During pre-season Simon Terodde couldn’t miss. The ball would roar into the goal off his boot, his arse, his knee, it didn’t matter. That it was against inferior opposition matters not a jot, because when they are flying in, they will fly in against anyone.
But now things are different. The season is eight weeks old and he’s still waiting for his first goal in the league for 1.FC Union. Yesterday’s Berliner Kurier says that he needs to become Simon TOR-odde (“Tor” meaning goal for those of you at the back).
Silvio Carlos de Oliveira is injured. Christopher Quiring has got shingles (I suppose as he is the size of an old man, he might as well get their illnesses, too) and John Jairo Mosquera is strongly doubtful for Saturday’s match against Alemannia Aachen.
Mosquera’s loss is the interesting one. Silvio has played excellently ever since arriving from Switzerland at the start of the season, and Quiring has continued the form that he had at the end of last season when he was running defences ragged up and down the league.
But Mosquera? He has scored three this season. With his head, and both feet. He has rounded the ‘keeper twice. How has the man, who looked so terrified in front of goal that he looked like he was going to be spending as much time on the bench this season as Uwe Neuhaus, started scoring so easily?
His goal against Bochum, when the pressure was really on, was a case in point. He was one on one, but looked like he’d taken it too far. It needed to go in. Somehow, with a bit of luck mixed in along the way it did.
The pressure lifted like a hangover on a sunny day. That release had allowed him to unleash the goal scoring animal inside of him that Neuhaus has been convinced was there (pretty much alone, at times) for two years.
It made it easier for him to score goals like on Saturday against Duisburg, as he found himself in acres, but took all the time he needed. It was emphatic, and I was at the bar queuing for non-alcoholic beer, presumably just in case I accidentally released my own inner animal and fancied some zebra meat. Mosquera is flying. I was on the floor.
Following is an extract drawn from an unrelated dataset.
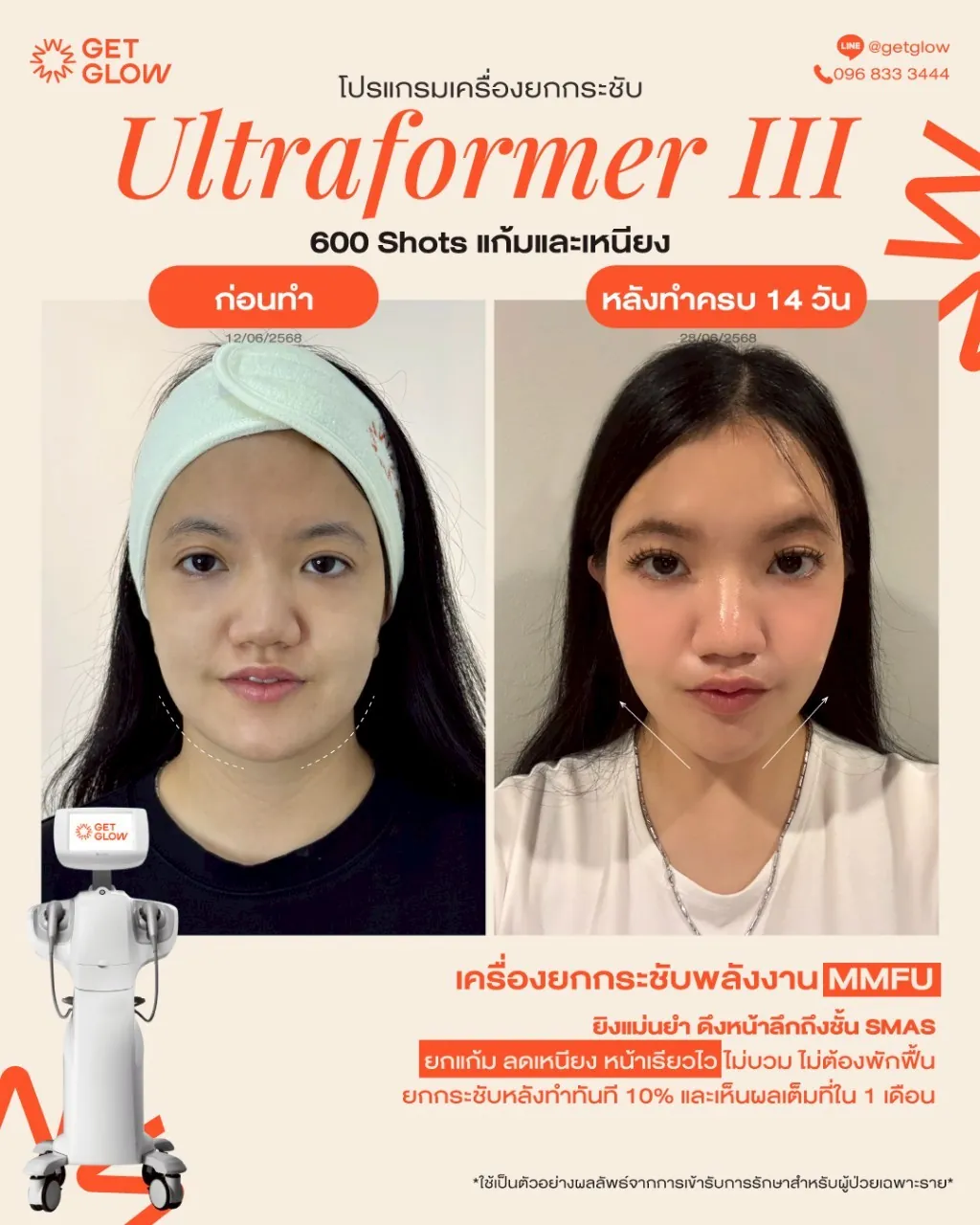 รีวิวจริง Ultraformer III — ยกกระชับกรอบหน้าและเหนียง ที่ GETGLOW Clinic สยามสแควร์วัน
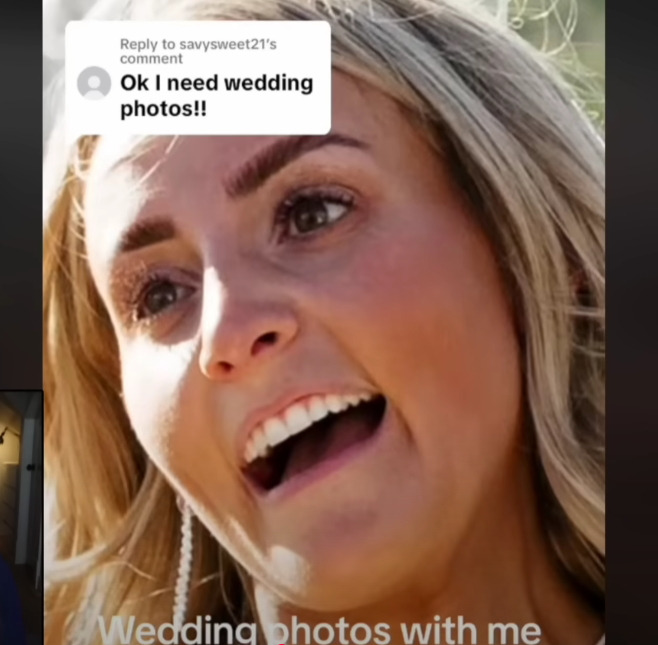 보톡스-주사시술이-불러일으킬-수-있는-부작용-10-이미지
Of course, Mosquera got injured later on. That is the way of these things at Union. They were much more solid at the back this time, but it helped that Duisburg still contrived to miss several chances easier than the one that Terodde spooned over in the second half that will be playing on repeat over and over inside his head. The wood work played its part too. Union will still need goals, and so, to paraphrase Kool and the Gang, someone’s going to have to take the weight.
It’s the strikers curse. I ramble all the time about goalkeepers being the loneliest player on the pitch. They are more cerebral at times, more human. Strikers need to be the cocky little shits they were when they were at school and everybody loved them. It can be harder to fake that confidence. The man from Köln isn’t a Romario (de Souza Faria)-type. He does the hard running, and is happy to try and create goals for others, but he needs to get off the mark in any way he can. Then everything will come that much easier.
That Markus Karl is an ever-present will help the big man. Karl has revolutionised Union’s attacking threat this season. His cultured long balls from deep having paved the way for Mosquera to break his drought. Quiring’s replacement, Patrick Zoundi, had his best game in a red shirt on Saturday, an irritating, buzzing presence, darting in from both sides with the ball at his feet.
As Stan Smith said – and as a former tennis player who has designed some of the nicest shoes ever made by small brown children to be sold at vast prices to western idiots, we should listen to him – “Experience tells you what to do; confidence allows you to do it.”
Terodde will come good, but he needs to do it quickly. He’s fortunate that in Neuhaus he has a trainer that is patient with his strikers, but the crowds on Saturday at the Alte Försterei will be a bit more demanding.